UNO no puede quitarse de encima fácilmente el peso de una mala educación o de una mala configuración del software o, incluso, de un diseño erróneo de la placa base. Normalmente, me controlo. He trabajado muchos años con chicas y chicos adolescentes, hermosísimos y elásticos, y estoy seguro de que ninguno de ellos tiene pruebas de que haya mirado su cuerpo con interés. Digo que no tiene pruebas, es decir, que aprendí a mirarlos sin que se dieran cuenta. O al menos eso creía yo. 

A las mujeres, también he aprendido a mirarlas sin que lo noten, demasiado. Sólo tengo problemas en la cola de los cajeros, porque no sé a dónde mirar, si miras al frente, malo, se puede pensar que te estás quedando con su pin, y esto es grave penalmente, y si, recatadamente, bajas la vista, se puede pensar que inspeccionas su cuerpo, y aquí se te pueden aplicar los anatemas de género. Pero no me gusta que una mujer me coja mirándola y, menos, piropearla. Ahora me cuesta menos trabajo, la entropía desactiva, no el deseo, sino sus sobreactuaciones. El caso es que el piropo, o cualquier otra manifestación del deseo, te hacen aparecer como dependiente o encadenado. Yo sé que lo soy, que hay un resorte en los hombres (el de las mujeres lo desconozco), que se activa automáticamente cuando aparece una mujer, y que te convierte en un ser desnortado, o al contrario, en un ser cuyo imán siempre se orienta hacia el mismo punto. No hay nada más que observar la cara que se les pone a los hombres en las películas cuando ven a una mujer desnuda. El asombro que refleja sus rostros no es muy diferente del que mostrarían de haber sido invitados a presenciar el Big Bang desde el palco de autoridades. 

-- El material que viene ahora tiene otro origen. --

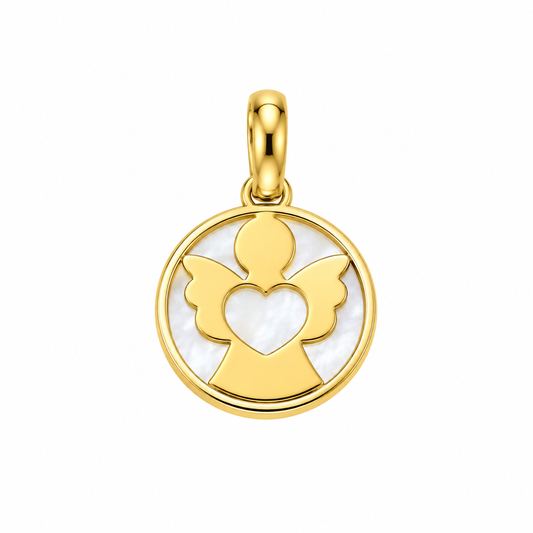 CN ROUND MOTHER OF PEARL AND ANGEL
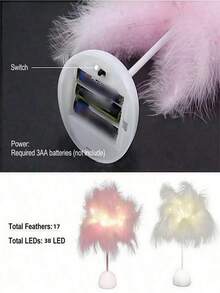 1 Stück 9,84 Zoll Feder Nachtlicht, dekorative Tischlampe, modische romantische personalisierte Stimmungsbeleuchtung, geeignet für Schlafzimmerdekoration, Raumdekoration, Muttertagsgeschenk, Valentinstagsgeschenk und Hochzeitsdekoration - Mehrfarbig - Übersicht 12
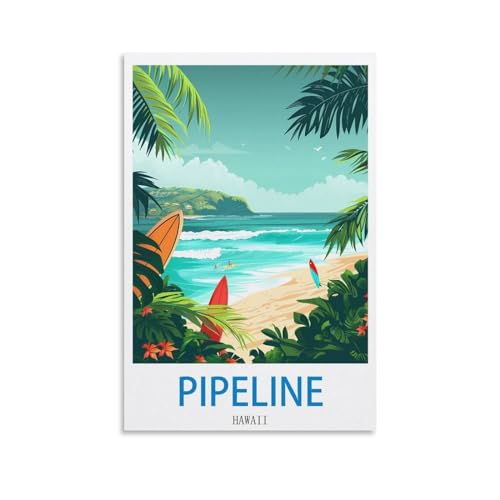 Toile Pipeline Hawaï décoration murale vintage 50x75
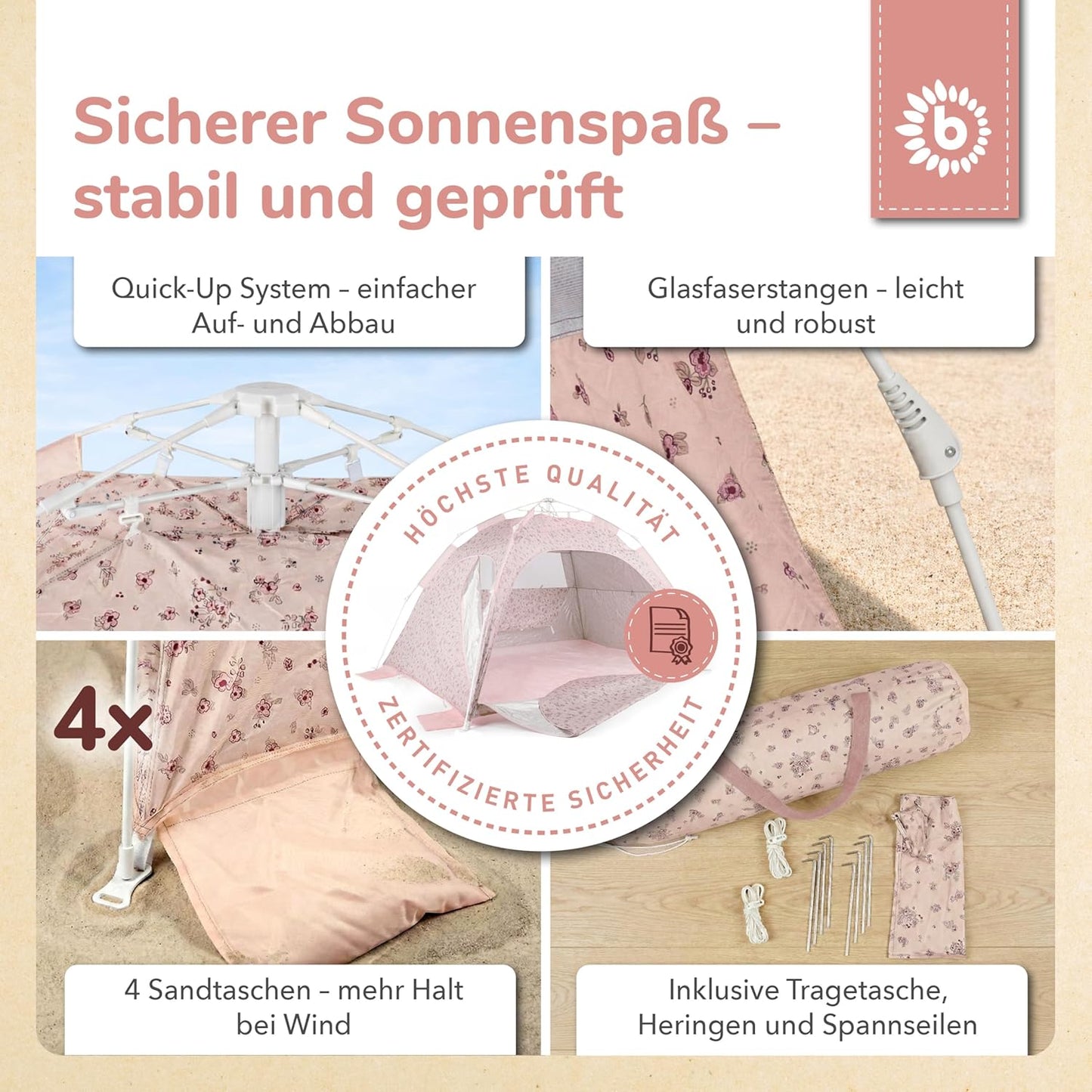 Strandmuschel Pop Up XXL Quick-Up Zelt mit UV Schutz 80+, Strandzelt Dreamy Flowers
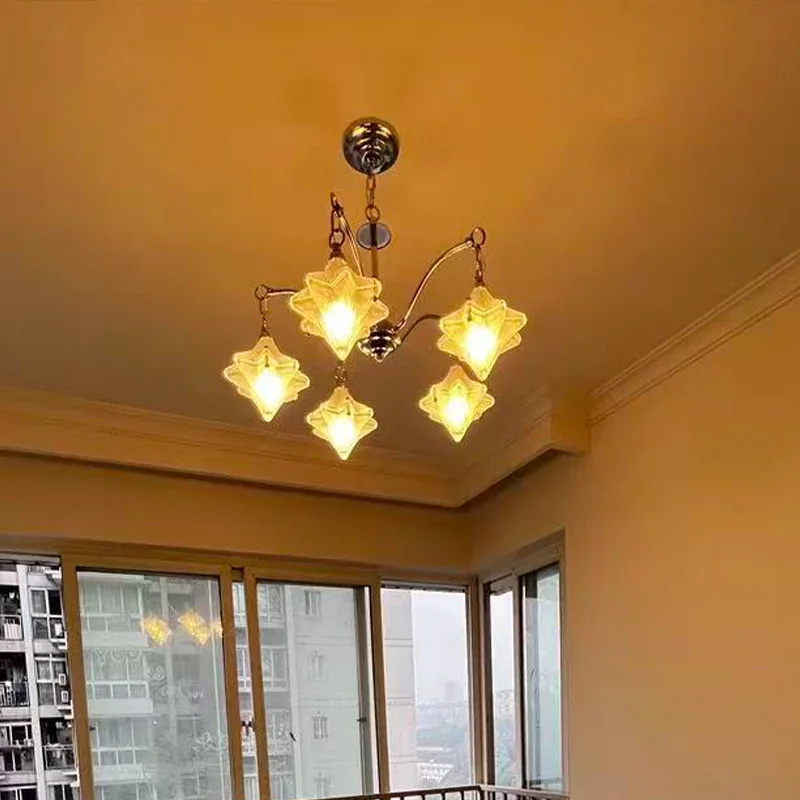 

American Luxury Murano Star Pendant Lamp Metal Glass Gold Silvery Finish Dimmable Ceilings Lustre Modern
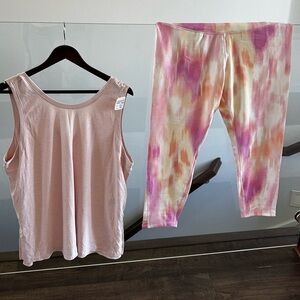 Old Navy Pink and Multicolor Tie-Dye Leggings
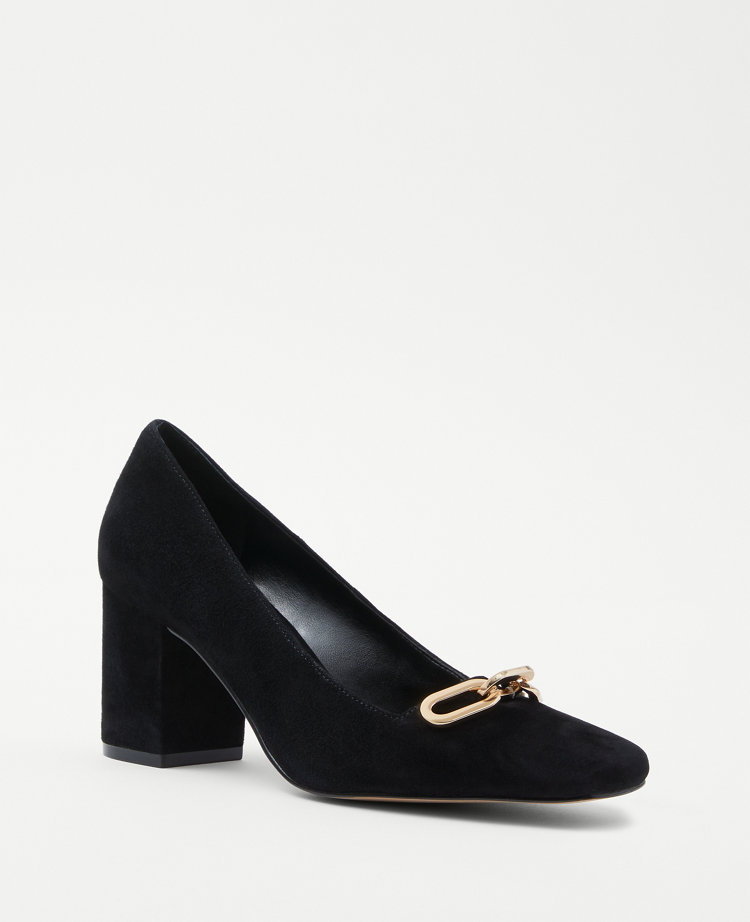 Chain High Block Heel Suede Pumps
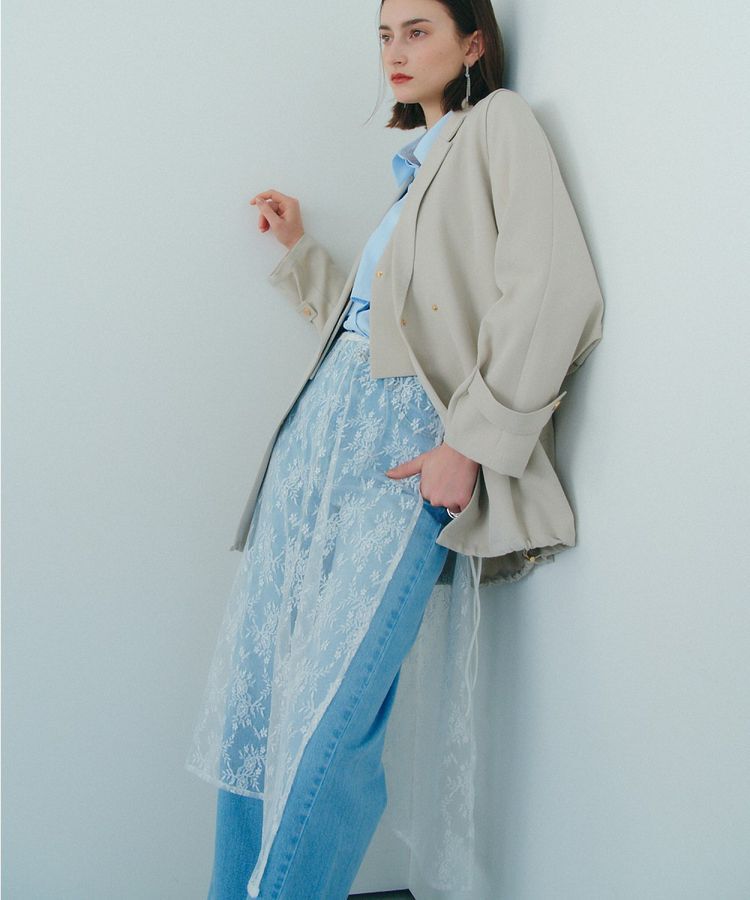 YECCA VECCA「サイドリボンレースレイヤードスカート」|スカート|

Las mujeres, incluso en el patriarcado, han aprendido a vivir con este poder y a usarlo cuando han podido. Repasando mi currículo, nadie podría pensar que iba a terminar piropeando a una policía nacional. La chica me estaba ayudando en una comisaría a renovar el certificado digital de mi DNI, le di las gracias cuando terminó y le dije que tenía una queja que hacer. Me rogó muy amablemente que se la planteara. Le dije que en la foto en blanco y negro del DNI salíamos cadavéricos. Ella defendió con pasión la fotografía en blanco y negro o en sepia. Y ahí fue donde eché a perder una trayectoria impecable de respeto a la mujer y a mí mismo: "Usted", le contesté espontáneamente, "con lo joven y lo guapa que es, se puede permitir todos los efectos del photoshop que quiera, pero los que vamos teniendo una edad, no". No me puso las esposas. Creo recordar que me sonrió con agrado.